Data supplied =>
......

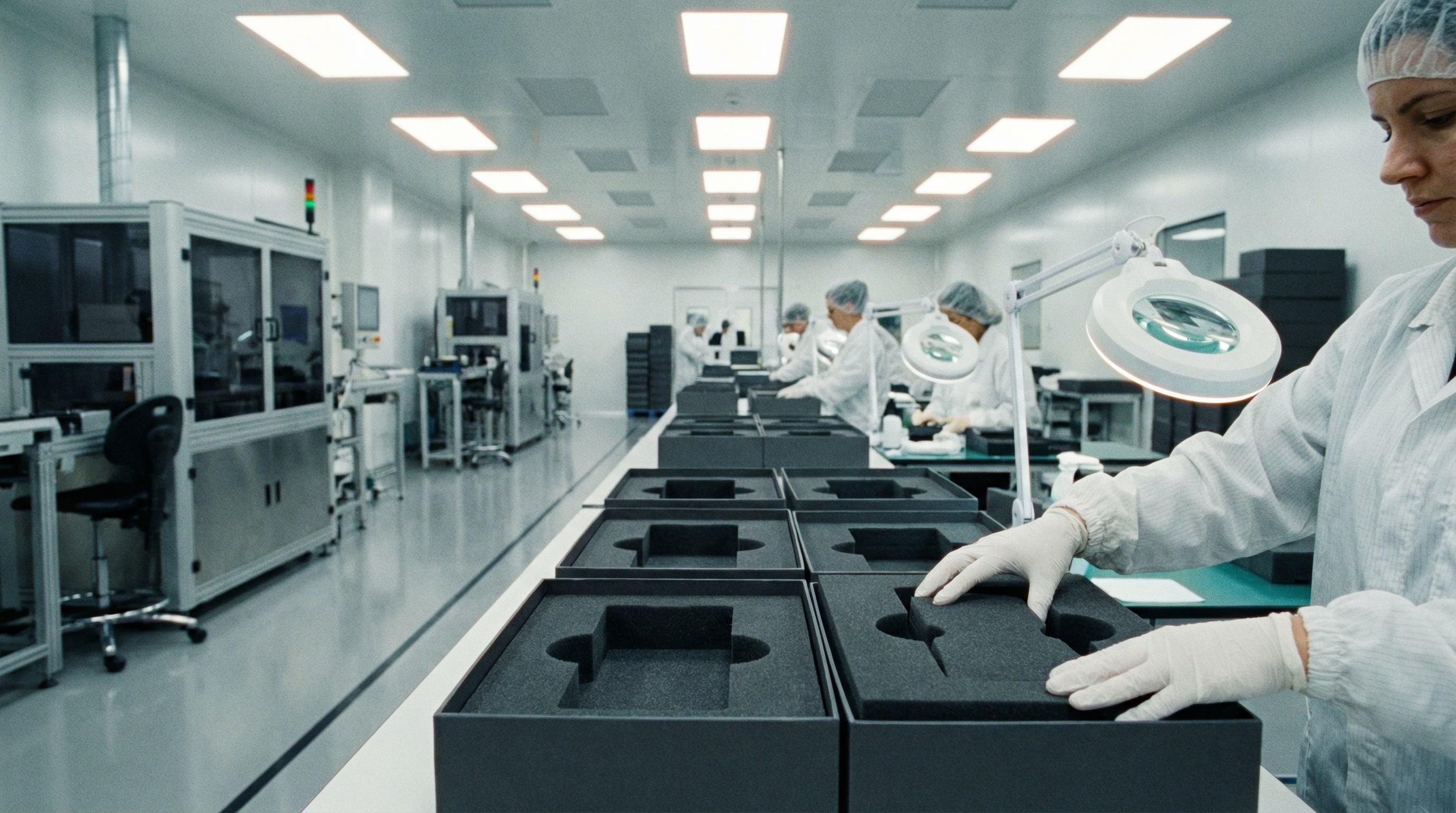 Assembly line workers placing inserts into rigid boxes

......

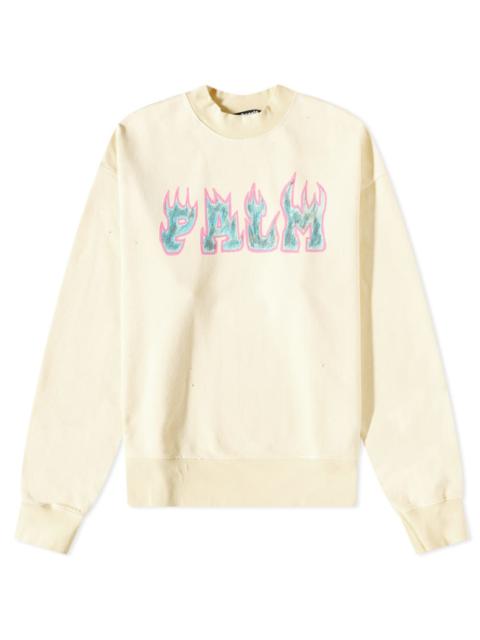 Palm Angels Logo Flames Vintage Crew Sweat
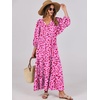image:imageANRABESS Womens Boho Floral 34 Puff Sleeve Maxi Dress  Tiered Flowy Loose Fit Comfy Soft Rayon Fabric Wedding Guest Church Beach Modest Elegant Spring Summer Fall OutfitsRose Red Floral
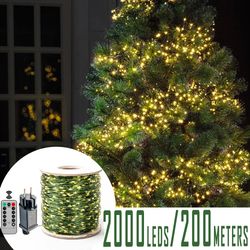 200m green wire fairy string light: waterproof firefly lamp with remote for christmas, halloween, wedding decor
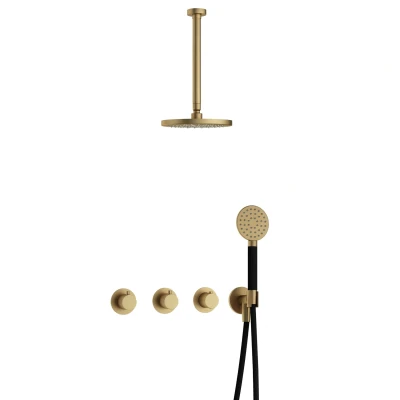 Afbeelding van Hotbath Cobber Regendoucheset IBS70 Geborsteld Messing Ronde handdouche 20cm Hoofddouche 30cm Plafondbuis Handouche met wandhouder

......

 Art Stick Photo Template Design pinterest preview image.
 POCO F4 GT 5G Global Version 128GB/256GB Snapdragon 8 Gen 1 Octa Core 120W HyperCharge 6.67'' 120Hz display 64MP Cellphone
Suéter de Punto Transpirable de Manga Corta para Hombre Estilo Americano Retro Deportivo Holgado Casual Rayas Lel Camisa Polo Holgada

......

Task directions => Make an exact copy of the lines above, beginning with the line with "Palm Angels Logo Flames Vintage Crew Sweat" and ending with the line with "Afbeelding van Hotbath", and keep the pictures out of it.

Solution to this task =>
 Palm Angels Logo Flames Vintage Crew Sweat
image:imageANRABESS Womens Boho Floral 34 Puff Sleeve Maxi Dress  Tiered Flowy Loose Fit Comfy Soft Rayon Fabric Wedding Guest Church Beach Modest Elegant Spring Summer Fall OutfitsRose Red Floral
 200m green wire fairy string light: waterproof firefly lamp with remote for christmas, halloween, wedding decor
 Afbeelding van Hotbath Cobber Regendoucheset IBS70 Geborsteld Messing Ronde handdouche 20cm Hoofddouche 30cm Plafondbuis Handouche met wandhouder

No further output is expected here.